It is clear to us that very large costs of administration by way of attorneys' fees will be incurred in this court if an order for *47 relief is granted. Such fees will arise because the trustee in the case will require that his attorney do the following. He will have to undertake proceedings to invalidate the security interest of the second mortgage, as well as that of the present petitioner who says that he has a judgment lien. Further, the trustee, pursuant to 11 U.S.C. § 547, will have to file adversary proceedings to pursue the distributees of the fund obtained by debtor in connection with which the second mortgage arose, contending that they received preferential transfers. Even if the trustee were successful in his preference suits, it cannot be said that he would fully recover that fund. Under the federal scheme, recovery derived from such effort, reduced by the costs of administration, would then be distributed among the unsecured creditors, which would include likely both the second mortgagee and petitioner. The efficiency of this procedure and its benefit to this petitioner is questionable, for at best he would participate to the extent of about 35% in a fund of $10,500.00 reduced by any failure to recover preferences and by the costs of administration.

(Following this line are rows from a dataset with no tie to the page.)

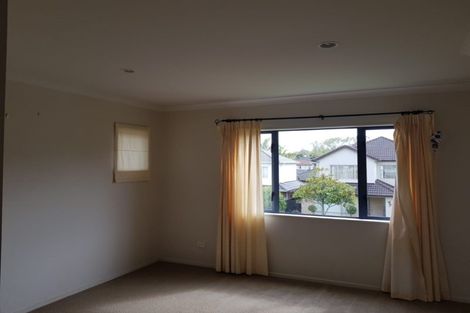 Photo of property in 11 Bridgefield Crescent, Flat Bush, Auckland, 2016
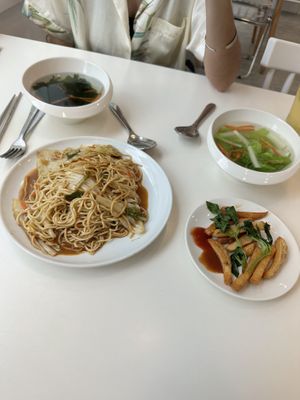 Food, spicy noodles, seaweed soup, vegetable soup, fried tempura   at Qī Xiāng Shí 期香食 in Hualien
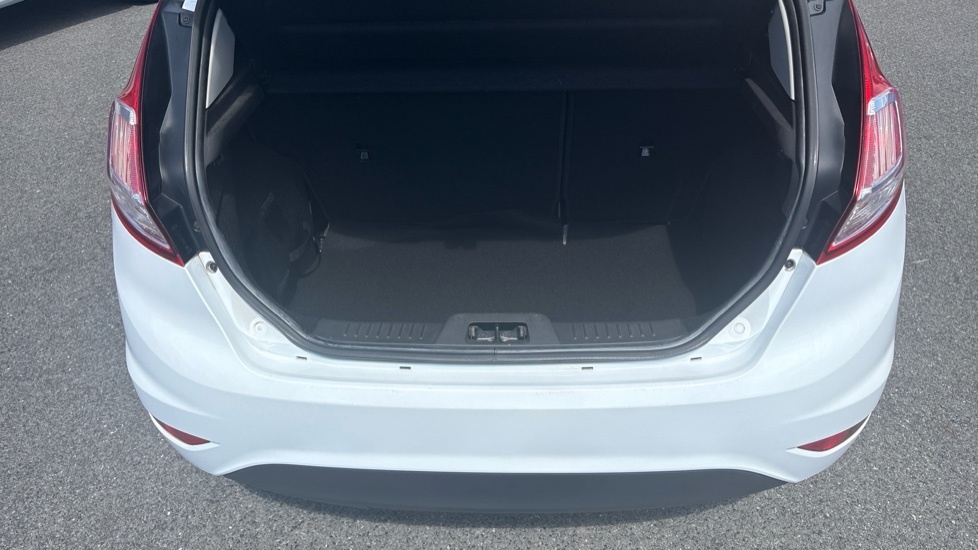 Ford Fiesta Titanium White #4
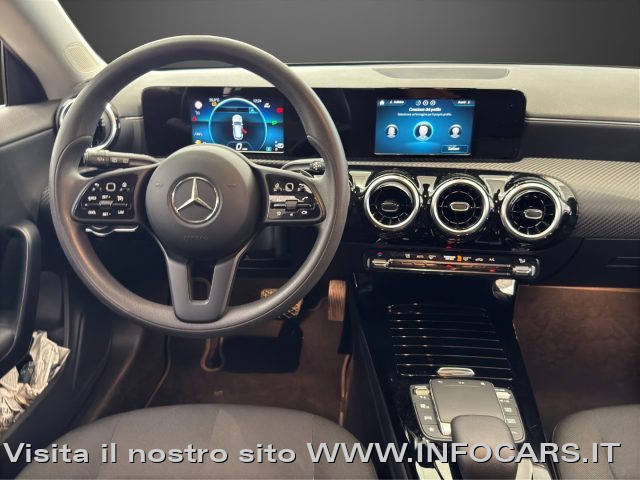 MERCEDES-BENZ CLA 200 usata, con Climatizzatore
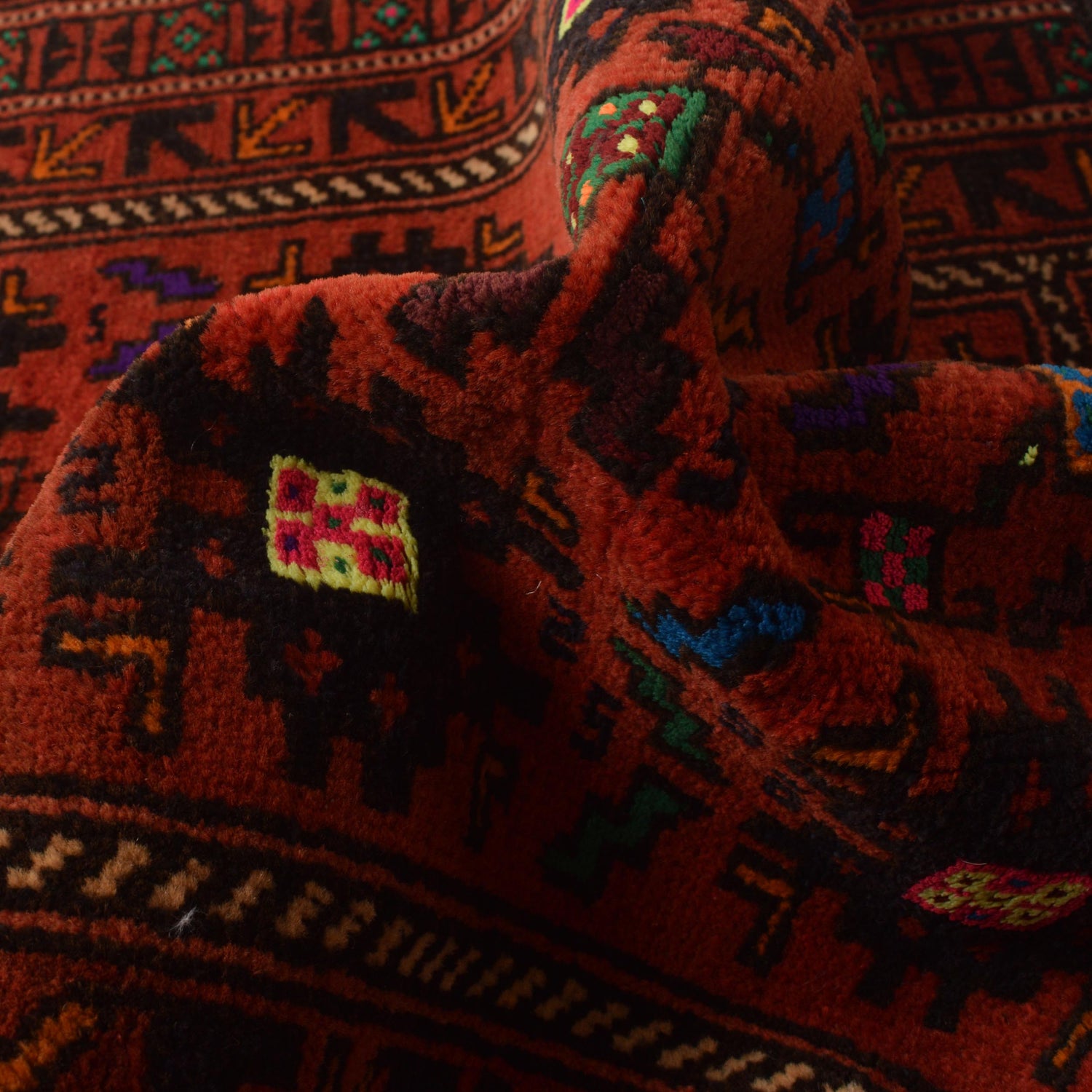 Fine Quality Prayer Rug 2' 10" x 3' 11" (ft) - No. W35620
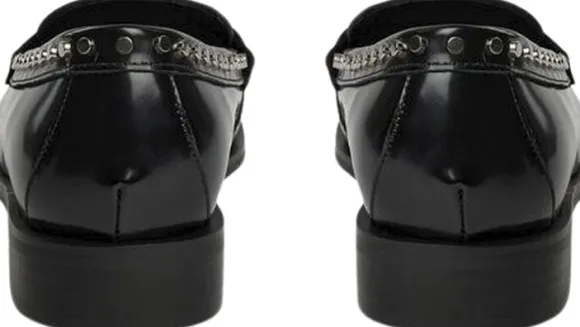 Shoe rivet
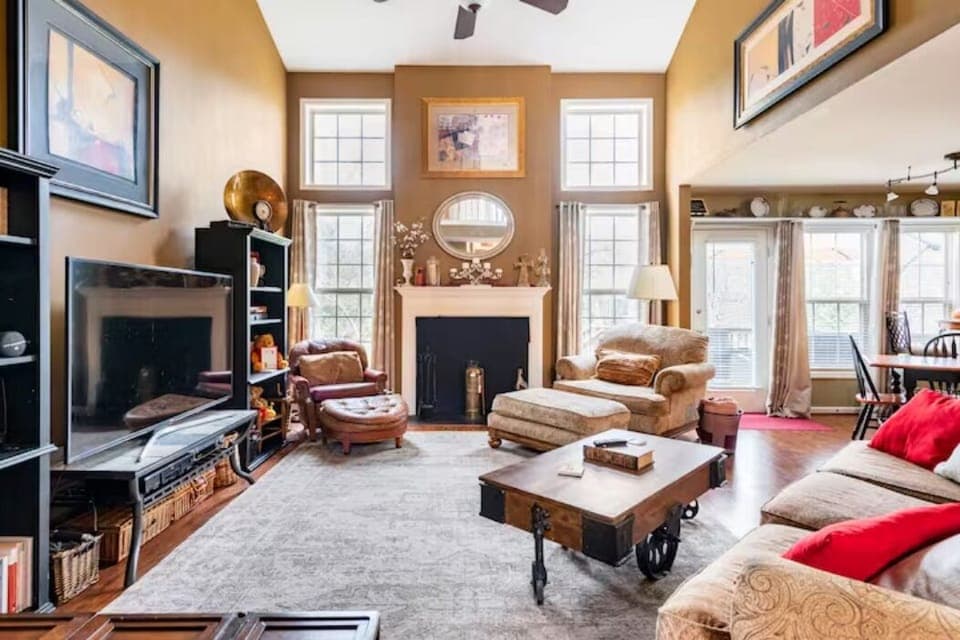 Open floor plan with lots of light.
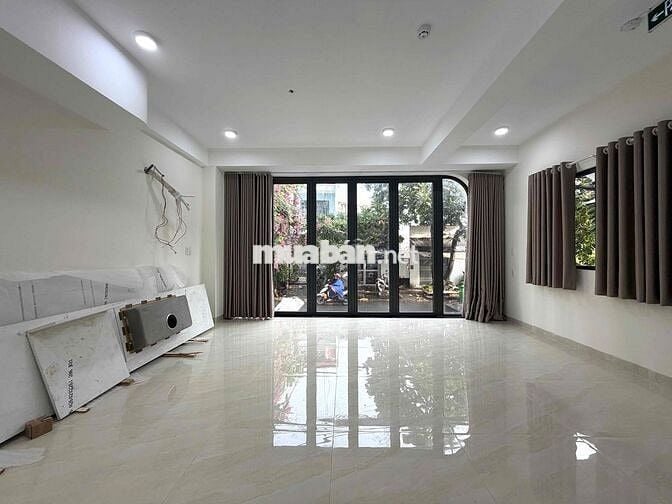 Cho thuê mặt bằng văn phòng, quận 7 - Vị trí trung tâm, lề đường r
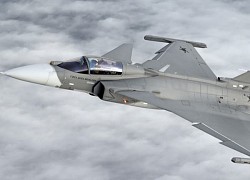 Lính Ukraine cùng lúc học lái tiêm kích F-16 Mỹ và Gripen Thụy Điển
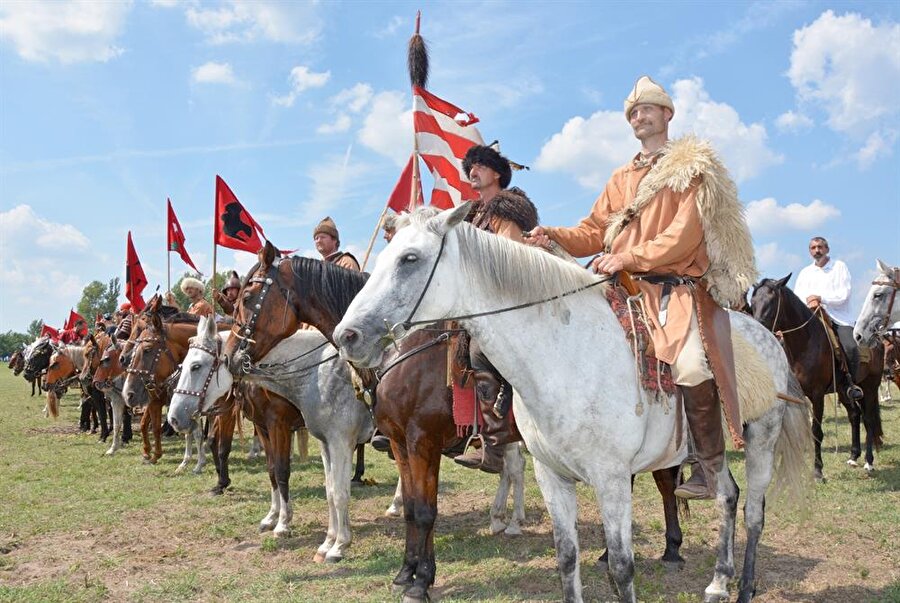 230 atlı savaşçı

                                    2012 yılında dünyanın en büyük atlı göçebe askeri geçidi Kurultay’da gerçekleşmiştir: 230 atlı savaşçı Hun, Avar, eski Macar veya Türk zırhları içinde, savaş kıyafetleri ve silahlarıyla geçit töreni yapmışlardır, arkalarından ise 680 yaya savaşçı onları takip etmiştir.
                                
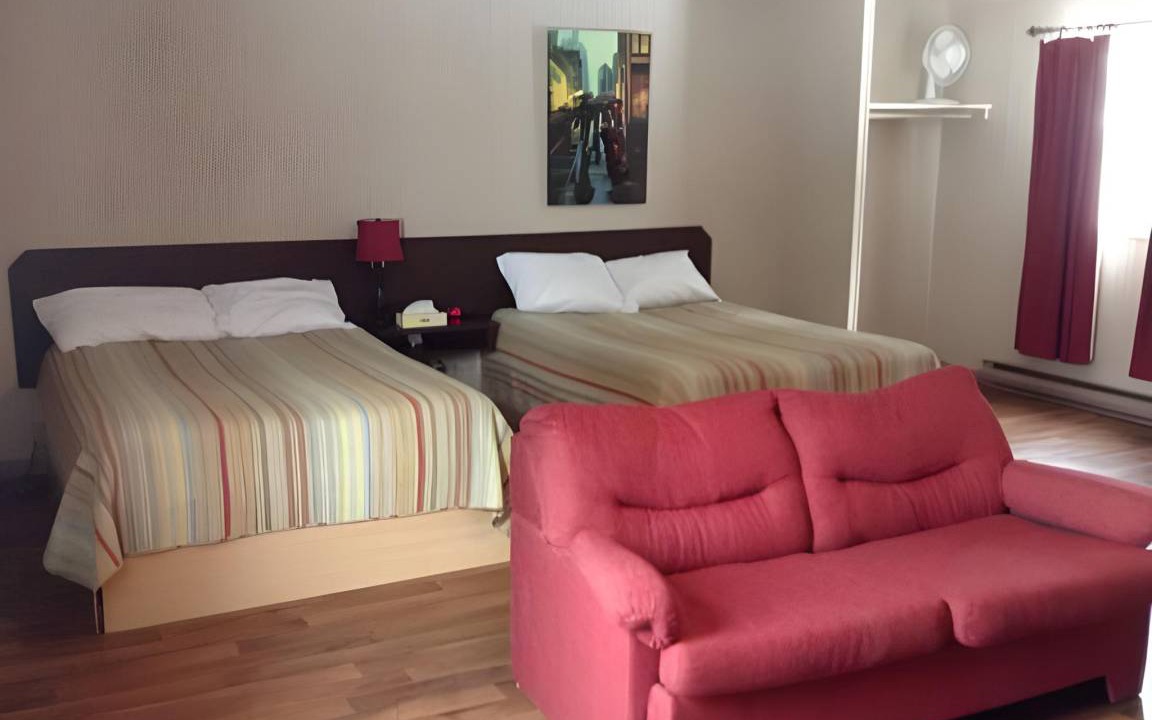 Thetford Mines Hotel | 46 m² Motel ∙ 2 bedrooms ∙ 6 guests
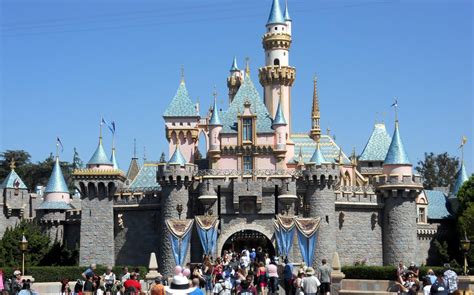 Disneyland Los Angeles | Walt Disney, Disneyland Park & California Adventure Park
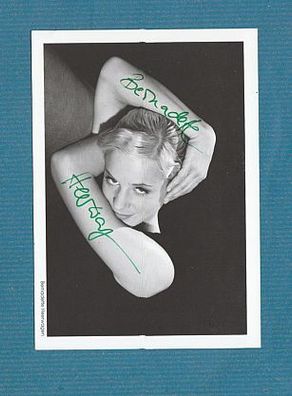 Bernadette Heerwagen - persönlich signierte Autogrammkarte (1)
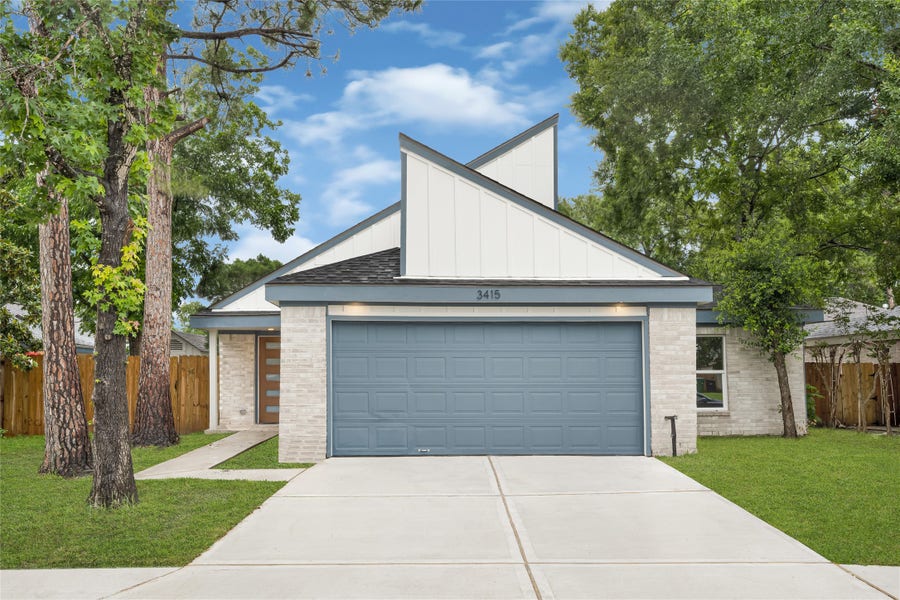 Property photo for 3415 Lapstone Drive, Houston, TX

The alternative course is to dismiss the petition here, and relegate petitioner to his state court remedies. We note parenthetically that the record before us shows that petitioner has done nothing in the state courts in an effort to collect his debt. There is recourse under state law for fraudulent conveyances. Counsel for petitioner has stated that Ohio Revised Code, § 1313.56 and § 1336.01 et seq. are state statutes regarding fraudulent conveyances which are applicable in this case. If the petitioner could set aside the second mortgage, his judgment lien would occupy the second secured position. In addition, petitioner could proceed by garnishment against debtor's wages, a course closed to him in bankruptcy.

Based upon the foregoing, we have reached the conclusion that the petition should be dismissed because the state court can serve the interests of petitioner at least as well as can this court. In re Tarletz, supra.

So Ordered.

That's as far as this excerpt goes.